In keeping the memory of St Pachomius we travel back to the very roots of our monastic life to the one who is recognised as the founder of community monastic life. The tradition of the solitary desert life was already well enough established before Pachomius, with St Antony of Egypt the outstanding example and teacher. Pachomius looks to place a different emphasis, and sees a supreme necessity if people are to find a true Gospel path and vocation in the monastic way – life lived in common.
Pachomius was born a pagan in Upper Egypt toward the end of the third century. As a young man he was drafted into the army to fight in the civil war then raging and on the way to the front he and his comrades were locked in a prison for the night. The people of the locality brought food and water to the conscripts, and when he asked who they were and why they did this, Pachomius was told that they were Christians. He resolved, when he had his freedom, to devote his life to the service of humanity. On release from the army he was baptised and sought out a hermit to instruct him in the solitary life. But after some wandering, prayer and encounters with God’s voice he settled in an abandoned village called Tabennesi, where he soon began to attract others to a common way of life.

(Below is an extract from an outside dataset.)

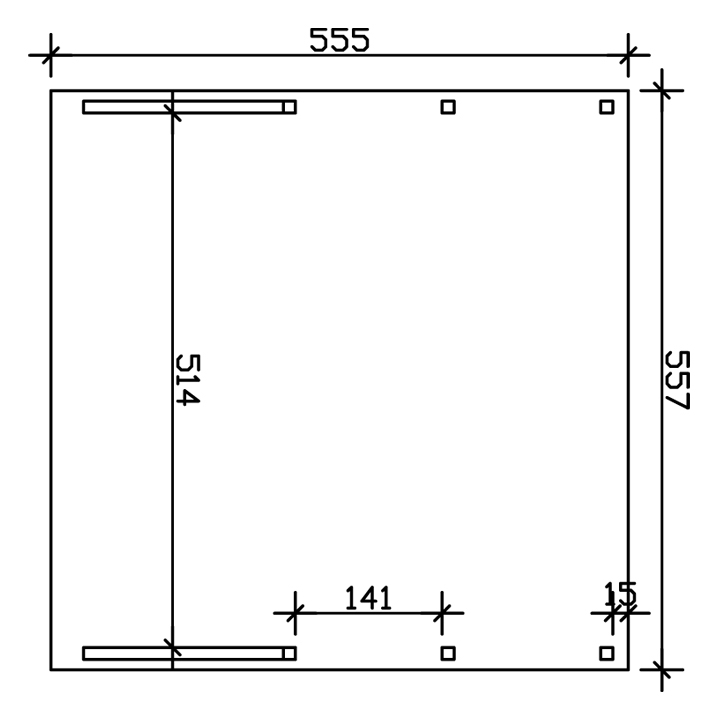 Skan Holz Flachdach-Carport Friesland 557 x 555 cm, Aluminium-Dachplatten, mit 2 Einfahrtsbogen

Monastic life at Tabennesi may have begun around 320, and it soon became, under Pachomius, a very elaborate and detailed affair. There is some suggestion that the high degree of organisation which we see in the Pachomian monastic settlement comes from his own experience of military discipline and good order – the monks were stationed in various regimented dwellings, and the monastic settlement had all the buildings and provisions needed for independent life, without having to go frequently beyond the surrounding wall. The monks each had specific tasks in service of the community. The numbers grew so large that Pachomius made a second settlement, at Pbow, to which he eventually moved himself. When he died of the plague in 346 there were eleven monasteries associated with his community, two of which were for women. As often happens following the death of a charismatic founder such as Pachomius his monasteries suffered factional division and struggle, and, although they persisted for another century, eventually gave way to other monastic paths, of which many were beginning to emerge.
Above all in Pachomius – and it was the term which he himself used to describe his monastic foundations and way of life – we are given a word which has become almost synonymous with monastic life lived in common – the Koinonia. The term is first seen in the Acts of the Apostles, 2:42 and 4:32, describing the early Christian community:
“These remained faithful to the teaching of the apostles, to the brotherhood, to the breaking of bread and to the prayers. And all who shared the faith owned everything in common…. The whole group of believers was united, heart and soul; no one claimed private ownership of any possessions, as everything they owned was held in common”.
The term koinonia describes this common life – really, it is the shared way or common way of doing things and living, the way of going about a life which is common to all and makes sense to all. So, koinonia means fellowship, or community, or shared existence. And yet in the Christian sense it goes beyond that physical reality of living together and sharing material, and spiritual, goods so that everyone’s needs are met and no one is found wanting. Koinonia indicates a deeper level of shared existence, and so might even be taken as communio – communion of life.
For the Cistercian Fathers, reflecting most probably on the life of Pachomius – of which there were a number in the ancient world – and on the teaching in the Rule of St Benedict – the common life, the Cistercian koinonia, is always called to be a reflection of the perfect community life of the Three Divine Persons in the Unity of the Trinity. This is the mystery to which our communio reaches out, acknowledging it as both source and goal. So, we can say with Baldwin of Forde in his own exquisite definition of community life – that it is amor communionis et communio amoris – the love of sharing and the sharing of love.
Today we ask St Pachomius’s prayers and intercession for our own Community at Bethlehem Abbey, for the wider eCommunity of those who join us through these meditations in sharing some aspect of our life, and for all the various communities to which we belong.